Benner also introduced the General Hazardous Material Behavior Model (GEBMO) that uses a flow chart to apply a hazard/risk analysis to the event. The question in this size-up is, How bad will it get if we do not intervene? It’s still a viable question, but 50 years later, a larger population will be more greatly affected.

Based on the D and E (size-up) items of DECIDE, choosing the response objectives will be based on the hazard/risk analysis. Are there savable people or property? What is our strategy?

Once you have determined the strategy (response objective), you must identify action options and do the best one. What actions can I take to achieve the strategy? This decision will be based on but not limited to resources, training, time, and cost.

Finally, evaluate progress. Is it working? Has the event stopped or been reduced in size?

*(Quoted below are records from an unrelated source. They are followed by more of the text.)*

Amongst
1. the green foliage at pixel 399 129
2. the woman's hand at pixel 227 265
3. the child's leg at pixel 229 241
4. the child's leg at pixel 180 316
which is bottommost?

It may just be manageable to recover for the responsible party.

APIE

The APIE model is the structure and layout of NFPA 470. It stands for the following: Analyze the incident, Plan the response, Implement the planned response, and Evaluate progress.

NFPA 470: Risk-Based Response Definition

“Risk-Based Response is a systematic process, based on the facts, science and circumstance of the incident, by which responders analyze a problem involving hazardous materials/WMD to access hazards and consequences, develop an IAP, and evaluate the effectiveness.”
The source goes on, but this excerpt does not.